Segment Start: DATA
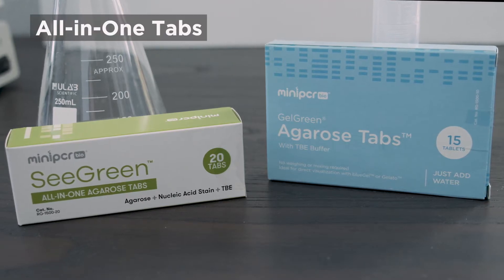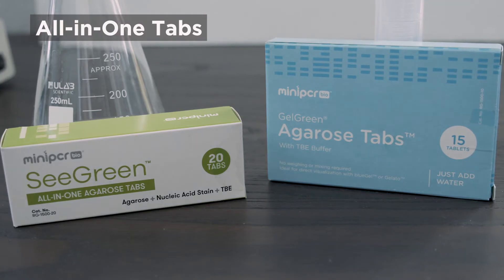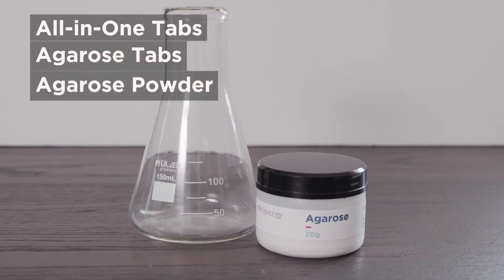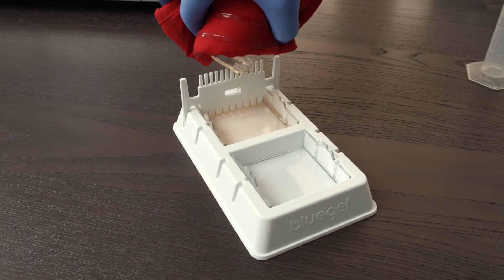Our methods will use all-in-one agarose tabs that contain TBE buffer and DNA stain, like our sea green or gel green tabs, plain agarose tabs, or agarose powder. In each example, we're going to be making one 2% agarose gel, but these instructions can be adapted for any gel percentages.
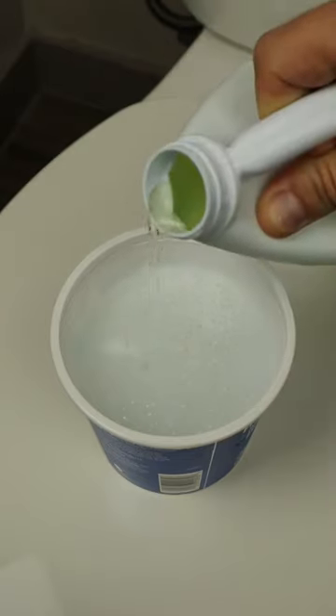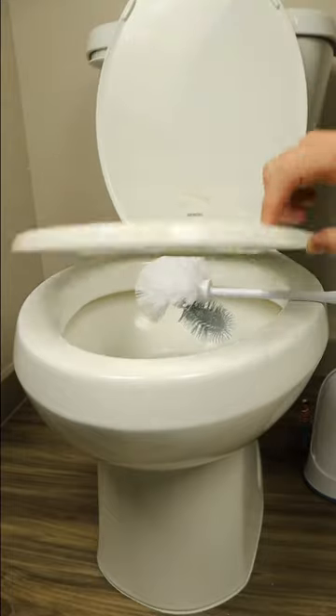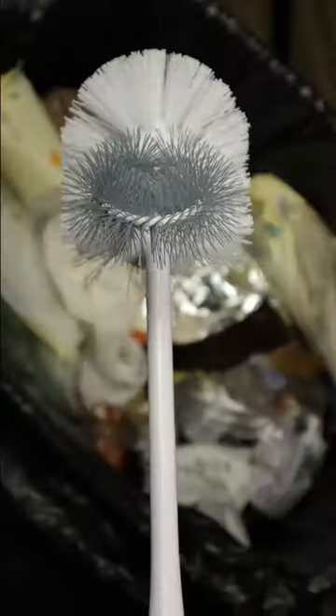When was the last time you cleaned your toilet brush? After every single use, you're supposed to clean it with soap and bleach, rinse it, disinfect it, dry before putting it back, and even replace it every six months.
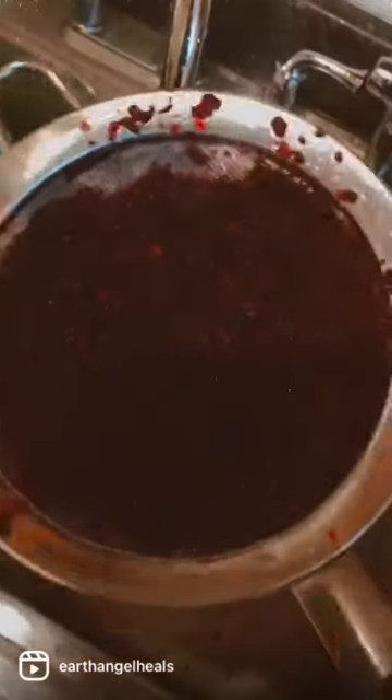Hey guys, so I decided to make my sorrel differently this time. This time I blended the ginger together with the sorrel, and then I strained it and boiled it with some cloves and honey.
Segment End: DATA
■ TRY IT ■
Give back the data verbatim. The pictures are not part of the copy.

■ EXERCISE RESULT ■
Our methods will use all-in-one agarose tabs that contain TBE buffer and DNA stain, like our sea green or gel green tabs, plain agarose tabs, or agarose powder. In each example, we're going to be making one 2% agarose gel, but these instructions can be adapted for any gel percentages.
When was the last time you cleaned your toilet brush? After every single use, you're supposed to clean it with soap and bleach, rinse it, disinfect it, dry before putting it back, and even replace it every six months.
Hey guys, so I decided to make my sorrel differently this time. This time I blended the ginger together with the sorrel, and then I strained it and boiled it with some cloves and honey.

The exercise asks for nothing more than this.